TASK ITEM
Reproduce exactly the span of lines beginning at the one with "Delphi Digtal分析师：加密货币上涨为何如此艰难？" and ending at the last line of the data below, omitting pictures.

DATASET EXTRACT

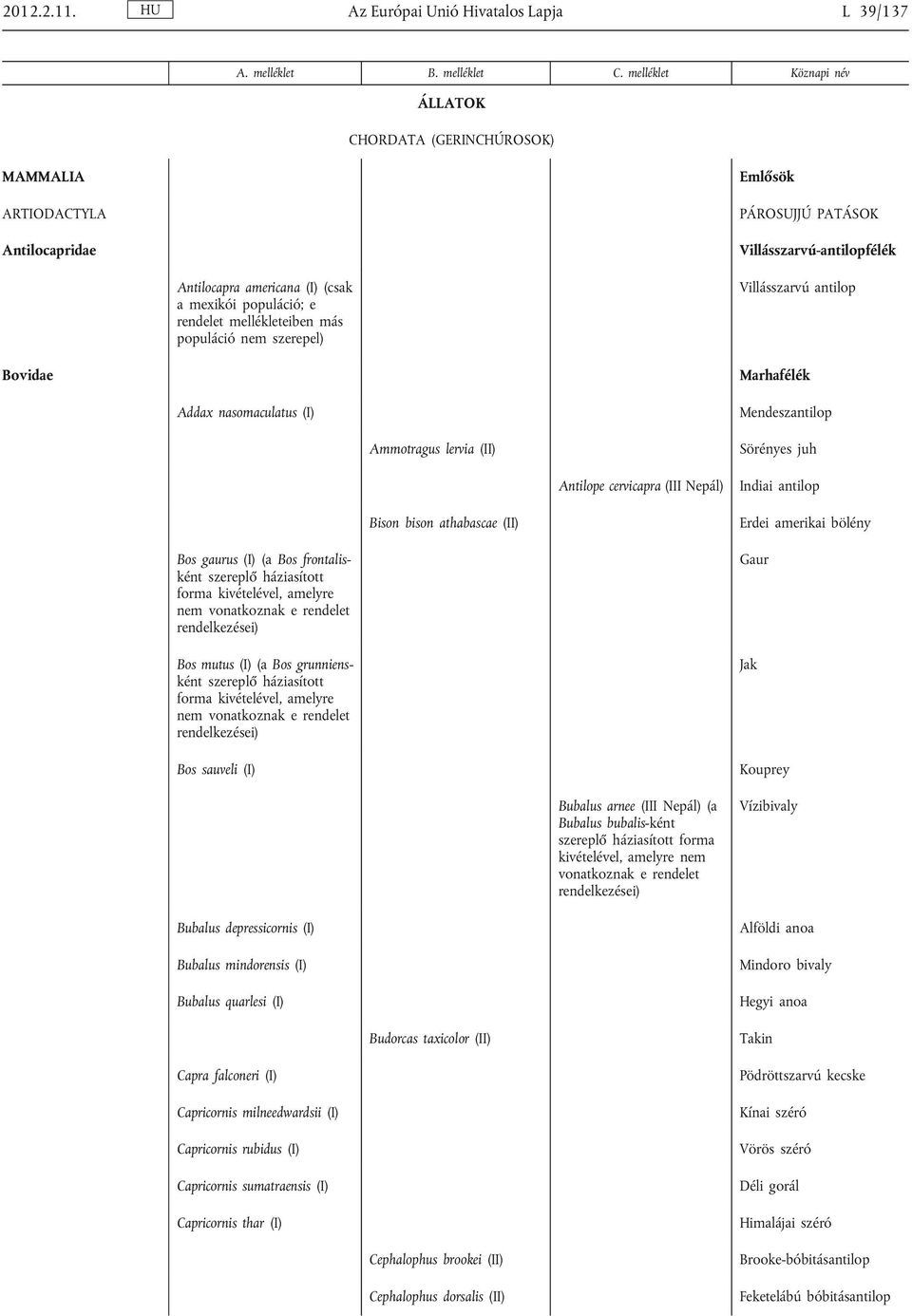 mexikói populáció; e rendelet mellékleteiben más populáció nem szerepel) Villásszarvú antilop Bovidae Marhafélék Addax nasomaculatus (I) Mendeszantilop Ammotragus lervia (II) Sörényes juh Antilope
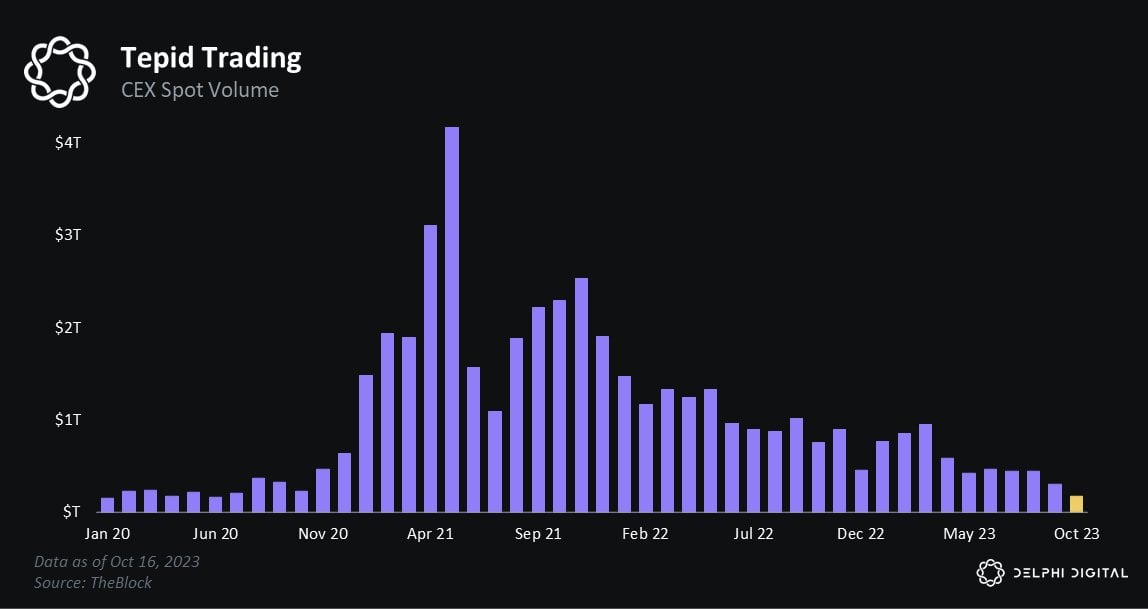 Delphi Digtal分析师：加密货币上涨为何如此艰难？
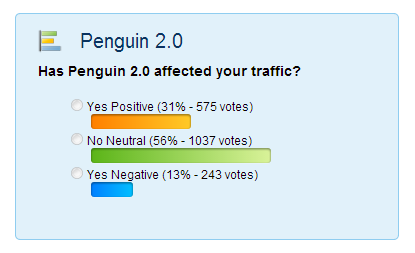 Poll Results on Penguin 2.0
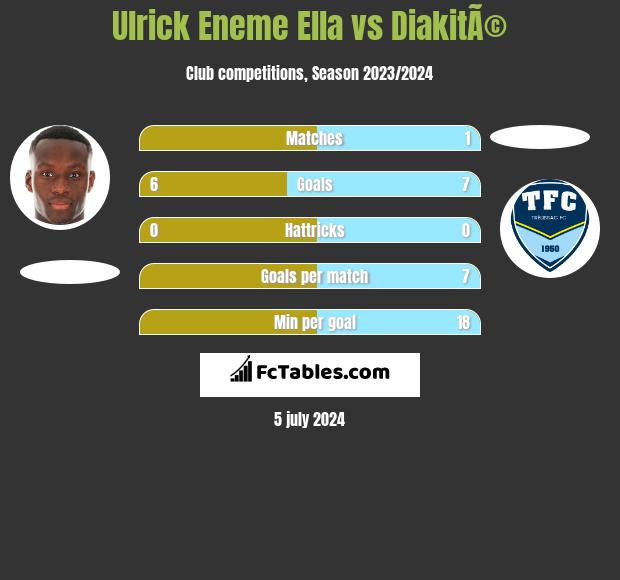 Ulrick Eneme Ella vs DiakitÃ© h2h player stats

OUTPUT
 Delphi Digtal分析师：加密货币上涨为何如此艰难？
 Poll Results on Penguin 2.0
 Ulrick Eneme Ella vs DiakitÃ© h2h player stats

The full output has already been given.